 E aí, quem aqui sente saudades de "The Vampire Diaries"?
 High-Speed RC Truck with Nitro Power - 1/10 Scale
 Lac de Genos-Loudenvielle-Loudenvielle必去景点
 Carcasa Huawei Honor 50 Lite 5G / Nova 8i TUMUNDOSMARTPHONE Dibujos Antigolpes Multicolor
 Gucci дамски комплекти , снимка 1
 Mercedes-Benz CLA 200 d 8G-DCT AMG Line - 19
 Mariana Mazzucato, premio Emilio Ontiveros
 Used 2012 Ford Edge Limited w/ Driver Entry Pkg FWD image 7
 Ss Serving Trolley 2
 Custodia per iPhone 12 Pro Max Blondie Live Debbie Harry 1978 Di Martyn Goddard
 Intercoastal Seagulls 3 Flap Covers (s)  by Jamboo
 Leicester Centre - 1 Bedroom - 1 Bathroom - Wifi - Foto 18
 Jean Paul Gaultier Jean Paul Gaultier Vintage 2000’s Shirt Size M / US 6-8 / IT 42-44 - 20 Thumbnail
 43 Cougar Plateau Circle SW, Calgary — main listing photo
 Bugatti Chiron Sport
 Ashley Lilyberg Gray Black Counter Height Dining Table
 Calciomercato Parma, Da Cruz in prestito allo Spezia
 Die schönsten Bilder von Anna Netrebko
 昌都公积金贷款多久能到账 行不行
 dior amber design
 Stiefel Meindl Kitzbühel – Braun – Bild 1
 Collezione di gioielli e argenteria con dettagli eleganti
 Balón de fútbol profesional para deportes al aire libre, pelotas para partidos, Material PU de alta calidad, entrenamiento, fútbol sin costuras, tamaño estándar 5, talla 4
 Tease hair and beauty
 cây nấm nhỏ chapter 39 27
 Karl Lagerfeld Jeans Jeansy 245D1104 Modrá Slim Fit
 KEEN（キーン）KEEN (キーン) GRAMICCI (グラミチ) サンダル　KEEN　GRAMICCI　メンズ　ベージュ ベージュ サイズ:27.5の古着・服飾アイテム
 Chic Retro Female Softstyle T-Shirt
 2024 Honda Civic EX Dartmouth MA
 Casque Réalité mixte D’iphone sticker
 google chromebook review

Directions => All lines above containing the string "Shirt": copy each one.

Exercise solution =>
 Jean Paul Gaultier Jean Paul Gaultier Vintage 2000’s Shirt Size M / US 6-8 / IT 42-44 - 20 Thumbnail
 Chic Retro Female Softstyle T-Shirt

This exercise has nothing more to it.